Have you ever come (not gone, but come) to a place like a center, a hard magnet, dark eye of the moth, darkness being the thing light must find and light being the way darkness wants to go? I have, now twice. The first time was New York, and I’ve spent the rest of my life and at least two books since then trying to understand it. The dark eye pulls me in daily. I wake to it, dream by its dim light. Who lives here is who can survive it, who wants to try to understand it. All others are turned away, before, most often, they ever attempt to arrive. I did not “go” to New York. I was drawn here, and cannot say exactly how. If you have not read this poem, please do.

The second time I came to a place was to Paris. I did not “go” to Paris. As if one could compare it, could come from anywhere else that forms a point to which a line could be drawn, a connection made, no.

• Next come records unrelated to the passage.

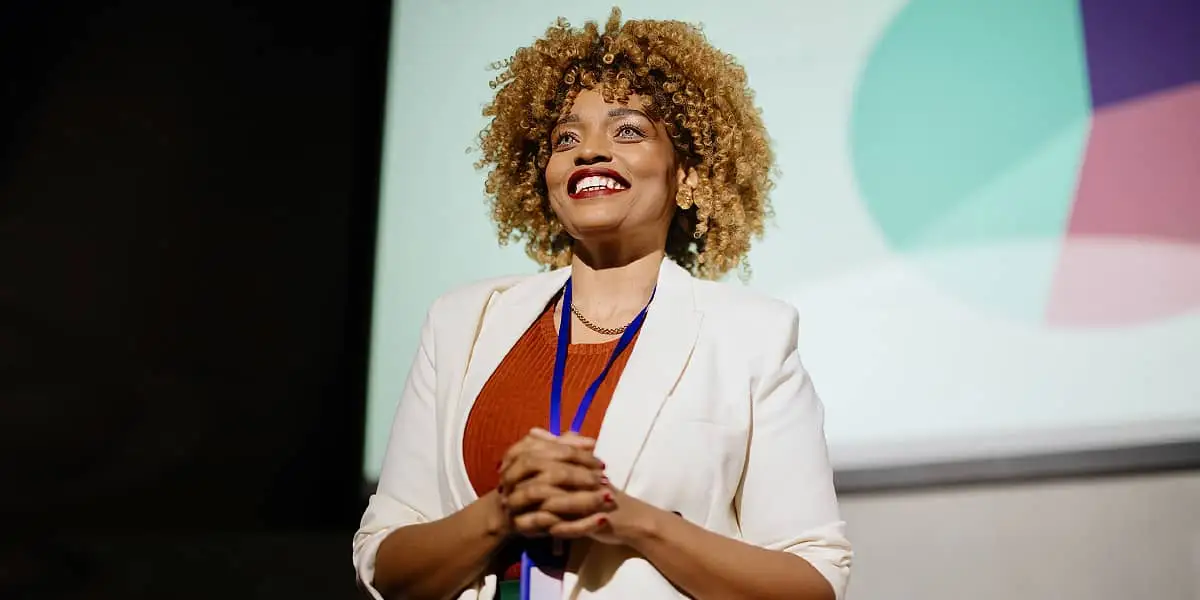 Femme souriante à propos de la transformation de la culture de l&#39;entreprise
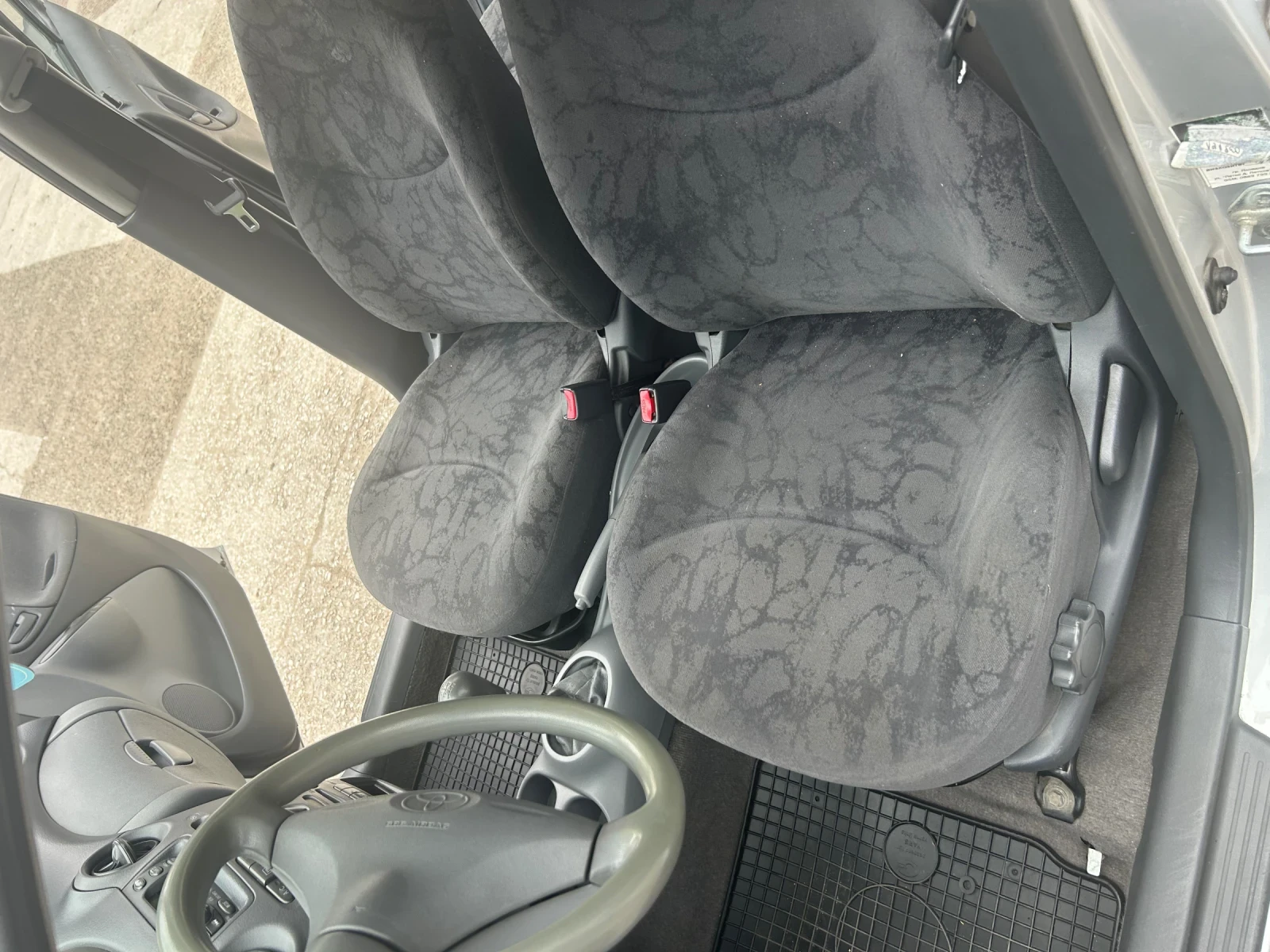 Toyota Yaris Климатик Перфектна , снимка 8 - Автомобили и джипове - 55467224
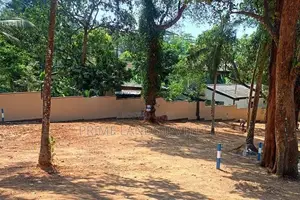 කඩවත නගරයෙන් පර්: 6ක බිම් කොටසක්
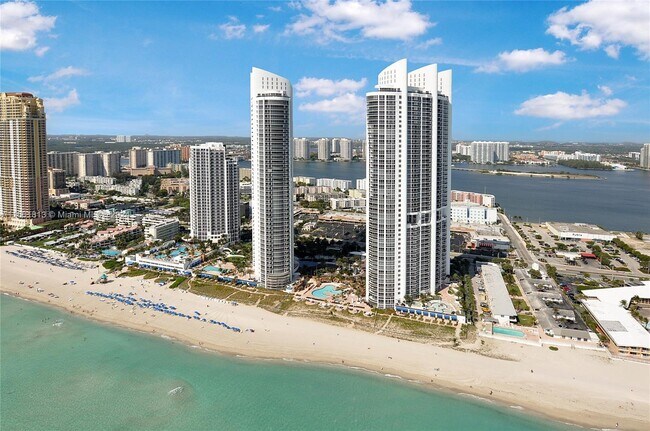 Foto del edificio - 18201 Collins Ave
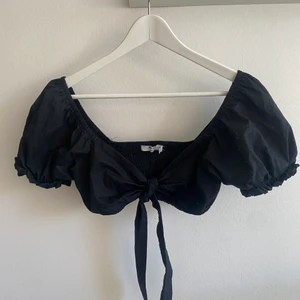 Topp - Använd fåtal gånger, köparen står för frakt💗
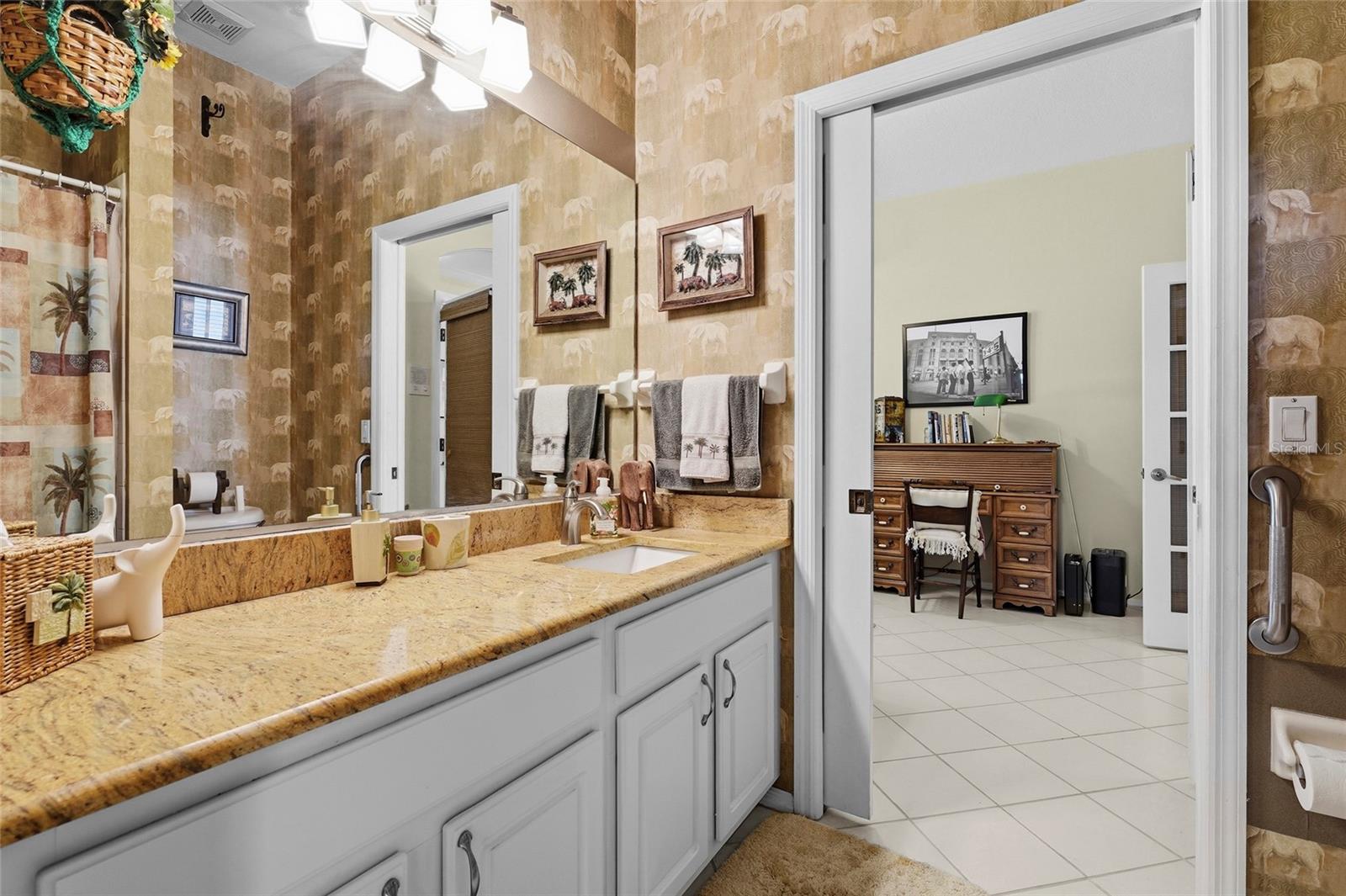 WOODMERE LAKES - Residential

One comes to these places, and every other place recedes into the dark matter of the brain that is sensed, that quietly lets us know we’ve lived, we’ve done things and somehow understand that a mass of time and change and city and weather and love and loss has elapsed and hardened into memory, forming what we will later call “a life.” Coming to a place like Paris throws one’s life into relief, just as another shocking and strange monument looms up in the rain, making everything around it fade, seem ordinary, but making no shadow, giving no direction, merely saying, “I am here, look for no reason, just behold and find yourself in yet another form of awe, and then walk away changed without knowing exactly how or why.”